“Oceniona zostanie atrakcyjność tego rozwiązania dla mieszkańców dzielnic z ograniczoną możliwością montażu prywatnych urządzeń ładujących (np. niewystarczającą dostępnością garaży)” – podało biuro prasowe GE.
Energa Oświetlenie, spółka zależna Energi z Grupy Orlen, sprawdzi jednak głównie skuteczność działania ładowarek na słupach oświetleniowych działających w sprzężeniu, tj. podłączonych w większej liczbie do jednego układu sterowania oświetleniem. Tego typu urządzenie może obsługiwać obwody oświetleniowe od kilku do kilkunastu lamp, ważne jest więc, aby przeanalizować sprawność i niezawodność pracy systemu rozbudowanego o więcej niż jedną stację.
– Budowa stacji ładowania na istniejącej infrastrukturze oświetleniowej jest nowością na rynku polskim. Łączenie stacji ładowania pojazdów z infrastrukturą oświetleniową pozwala wykorzystać rezerwy mocy uzyskane dzięki modernizacji oświetlenia oraz zapewnić większy dostęp mieszkańców do stacji ładowania. Przedsięwzięcie to wyznacza nowy kierunek rozwoju elektromobilności – można ją nazwać elektromobilnością bliską, dostępną każdemu posiadaczowi pojazdu z napędem elektrycznym” – powiedział, cytowany w komunikacie prasowym, wiceprezes zarządu Energia Oświetlenie Marcin Stojek.
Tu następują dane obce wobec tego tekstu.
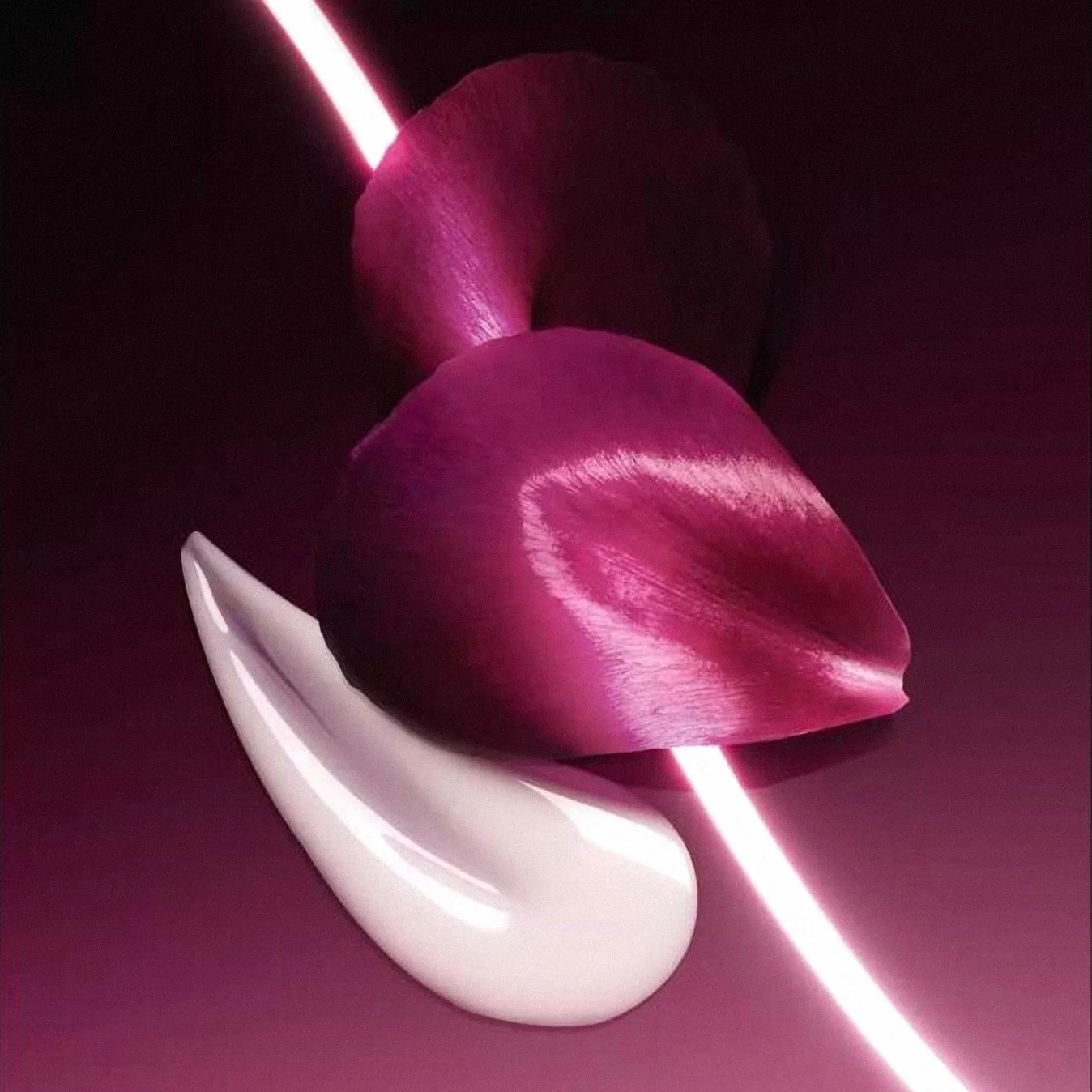 Capture Totale texture swatch with a rose petal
Przedsięwzięcie realizowane jest z władzami Gdyni. Wiceprezydent miasta ds. gospodarki Katarzyna Gruszecka-Spychała podkreśliła, że celem władz miasta jest stworzenie sieci stacji ładowania samochodów elektrycznych obejmującej wszystkie dzielnice Gdyni.
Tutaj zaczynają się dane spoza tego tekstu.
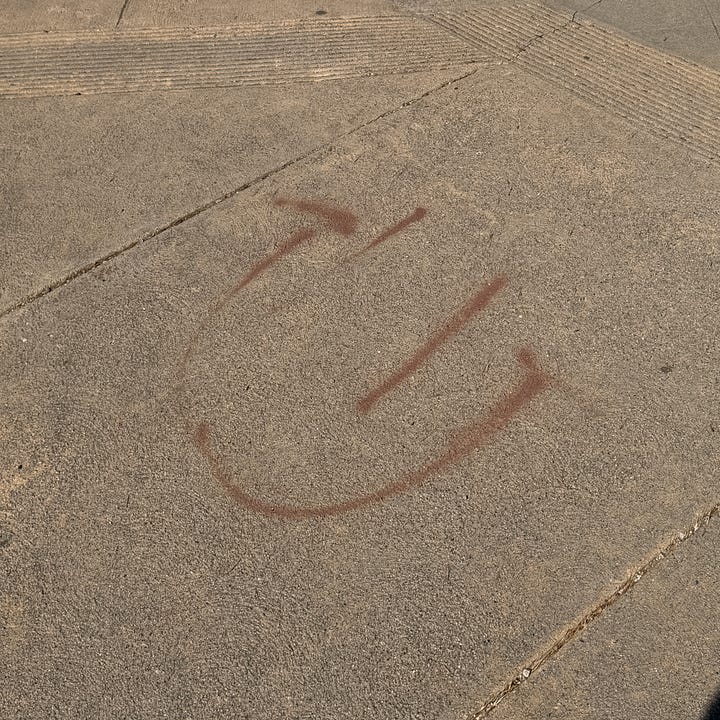 images of smiley faces painted on sidewalks and railings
– Mamy wiele osiedli budowanych w dawnych czasach, gdzie brakuje możliwości zainstalowania punktów ładowania. Na osiedlach, tych z wielkiej płyty, nie ma garaży podziemnych. Stacje instalowane na słupach latarni to nie tylko rozwiązanie innowacyjne, ale przede wszystkim praktyczne – oceniła wiceprezydent Gdyni.